A key lesson of these disputes, is that the workers didn't stop in the face of the anti-union laws. They knew that what the bosses were trying to do was completely unacceptable and required immediate action. Later on, many of the tactical issues were discussed and dealt with, but this could be done from a position of strength.
Their immediate actions had stopped the plans of the bosses dead in their tracks.
An important lesson in the first two of these three actions was the generally dismal role of the union leaders. In the case of Lindsey, the union leaders of Unite and the GMB had left it up to the workers themselves to defend their jobs and trade union fought-for conditions on the sites.
Visteon also saw little immediate action from the local and national union officials who held back from acting to mobilise their members in any way until the workers themselves acted and occupied the plants.
The case of Linamar was a little different. Rob was well known to the union leadership of Unite who - partly under the influence of pressure from below - backed Rob in his fight for re-instatement.
In all three disputes, above all it was the workers themselves who set the pace of events.
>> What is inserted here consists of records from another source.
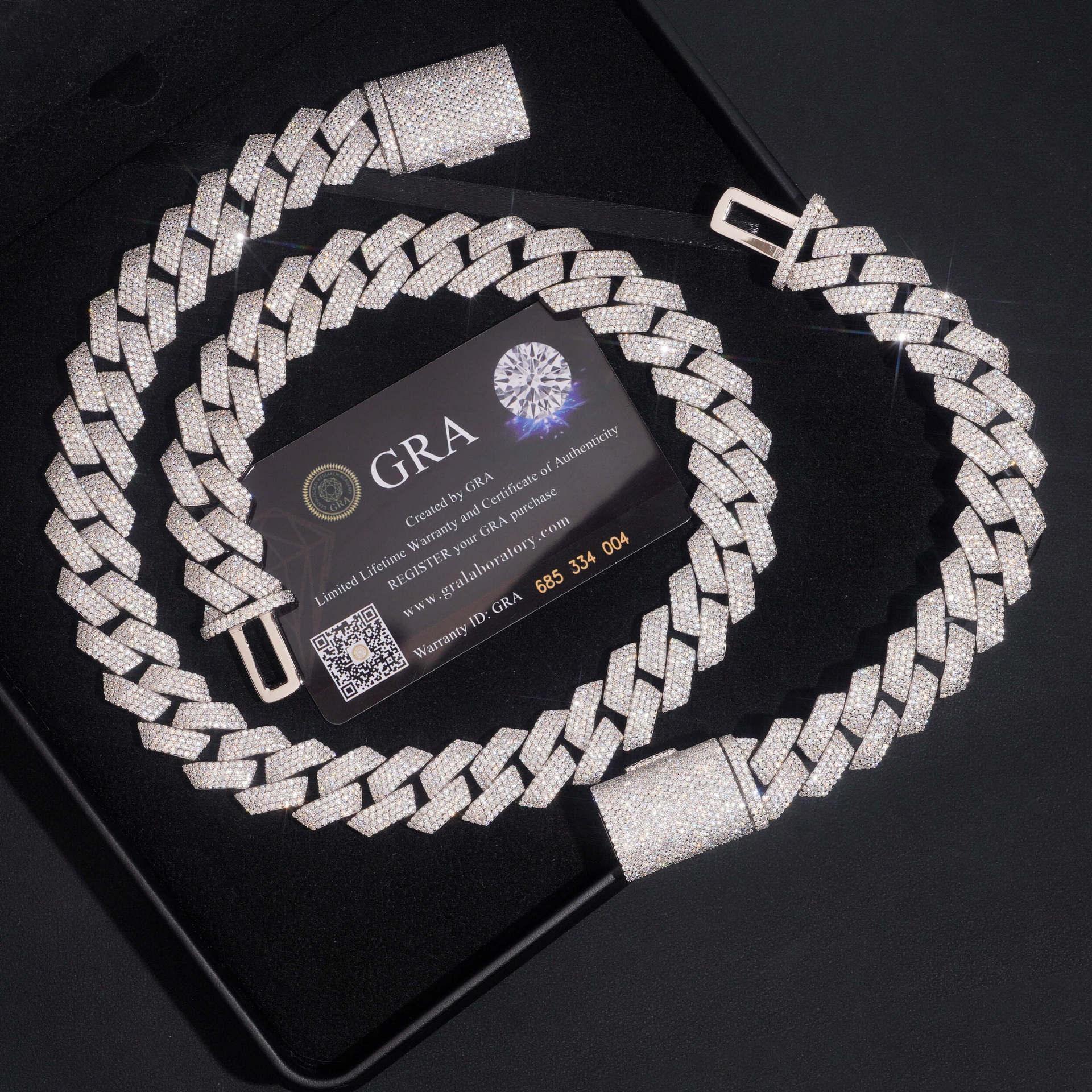 18mm Iced-Out Moissanite Cuban Link Chain – S925 Sterling Silver Hip Hop Streetwear Necklace - CaratixJewelry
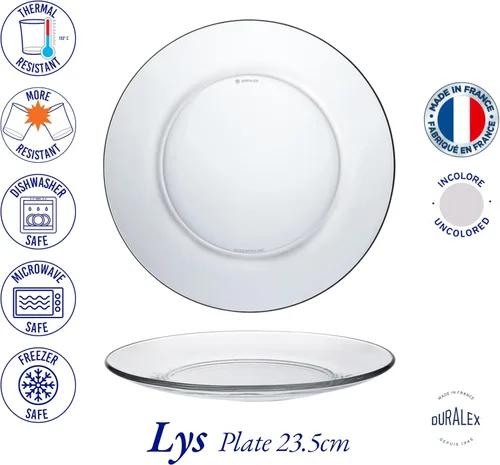 Vista 4 de Duralex - Juego de 6 platos Lys Clear 9.3 in (9 1-4 in)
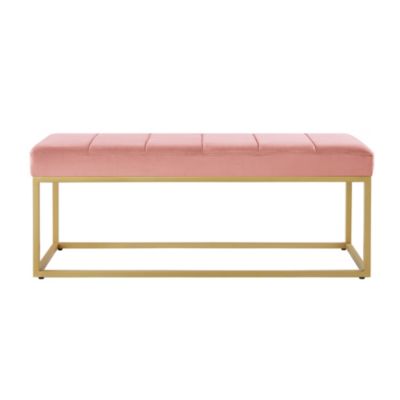 Modern Tufted Channel Entryway Bench Emerald Velvet Upholstered End of Bed Bench with Metal Frame, Footboard Bench for Living Room, Bedroom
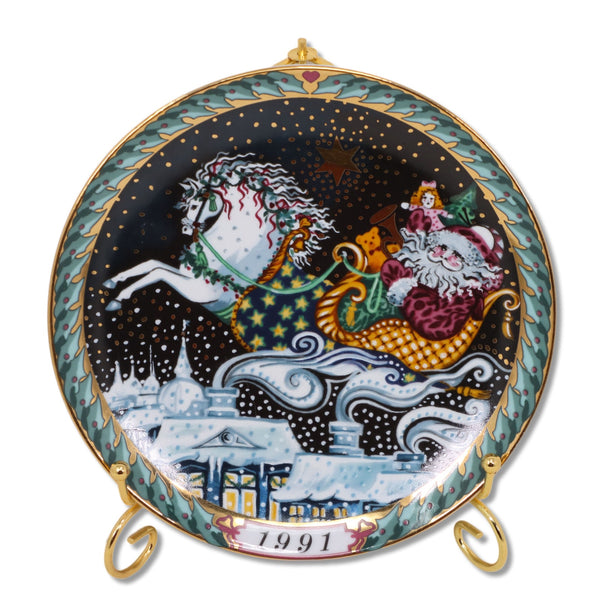 Bing & Grondahl Santa Claus Christmas Collection Plate 0.560 H The Journey 1991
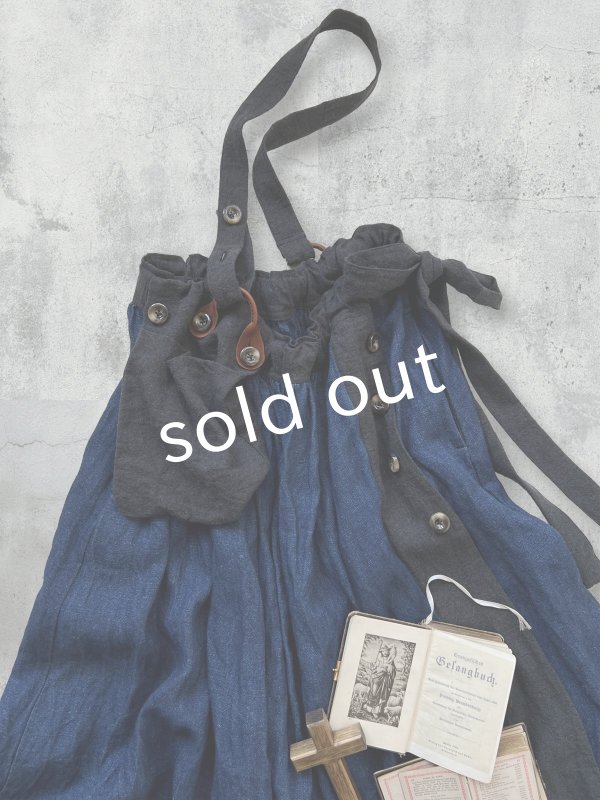 画像3: MARCHE' DE SOEUR/種蒔ポケットスカート・インディゴ (3)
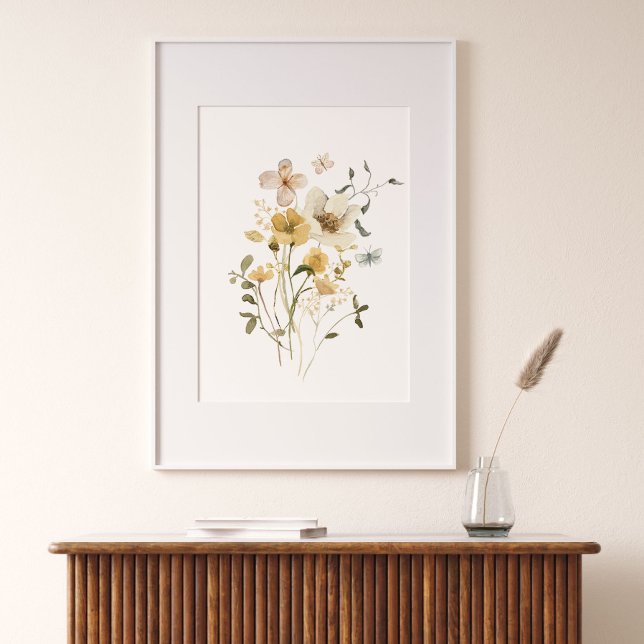 Poster Fleurs d'aquarelle botanique de printemps (Créateur téléchargé)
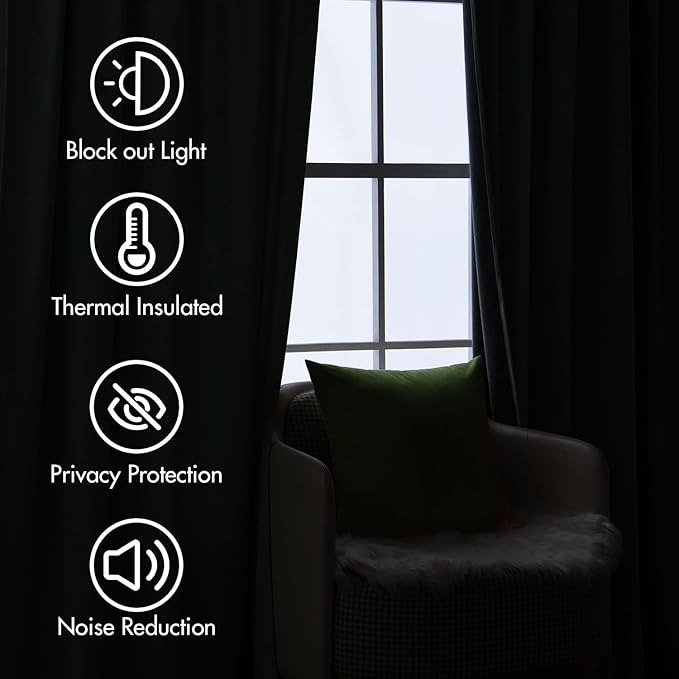 MIULEE Velvet Curtains 72 inches - Luxury Blackout Curtains for Bedroom Living Room Thermal Insulated Super Soft Window Drapes Rod Pocket & Back Tab, Sage Green, W52 x L72 inches, 2 Panels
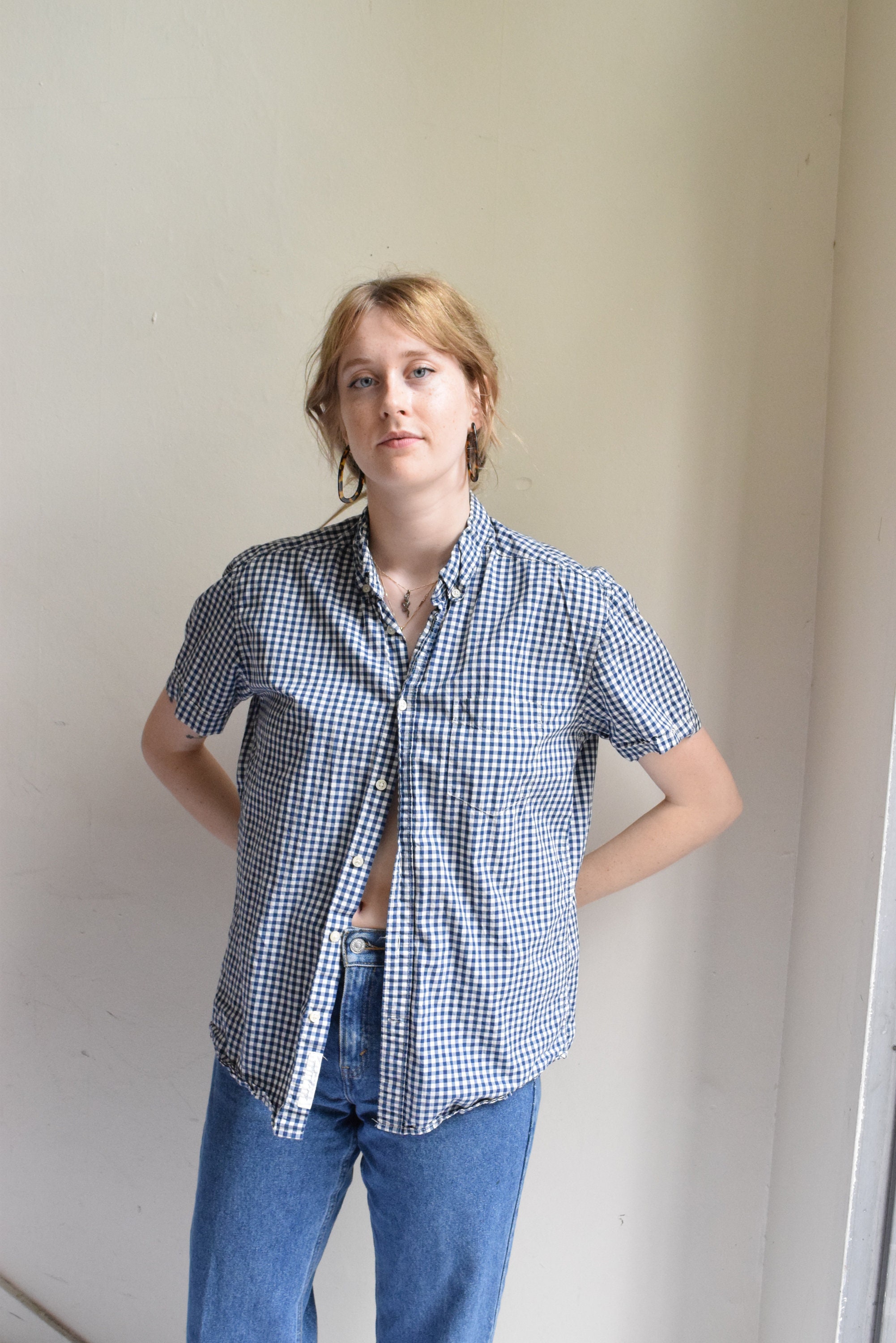 navy white gingham shirt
But the role of Socialist Party members was important.
The outcomes, in contrast for example to the LDV van plant closure, without it seems any real resistance, showed the crucial role played by these socialists.
They encouraged the workers not to walk away, passed on lessons of past workers' struggles, made suggestions on how to achieve victory and helped to mobilise labour movement support.
More battles are bound to break out in the next period in the private sector, where despite union density being at an historically low level, workers will have no choice but to fight back.
These recent examples will give greater confidence to those entering into struggle. The public sector is also beginning to be more involved in crucial action like that of the London Underground RMT members and the postal workers in London and elsewhere.
There is no guarantee that complete victories will always ensue (after all, Visteon workers lost their jobs) but the fact that these recent battles took place, winning significant concessions, will be a guide to what to do in the future.